GOAL OF THE EXERCISE:
Lines with the string "image" in the data below: report how many there are, and write nothing but the number.

SUPPLIED RECORDS:

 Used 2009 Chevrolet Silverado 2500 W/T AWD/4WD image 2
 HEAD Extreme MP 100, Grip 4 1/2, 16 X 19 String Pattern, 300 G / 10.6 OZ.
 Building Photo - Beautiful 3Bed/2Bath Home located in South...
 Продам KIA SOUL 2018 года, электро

--

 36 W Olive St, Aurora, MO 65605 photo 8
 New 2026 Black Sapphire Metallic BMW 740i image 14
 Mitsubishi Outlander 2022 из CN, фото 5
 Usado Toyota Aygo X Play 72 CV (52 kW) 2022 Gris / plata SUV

YOUR RESPONSE:
2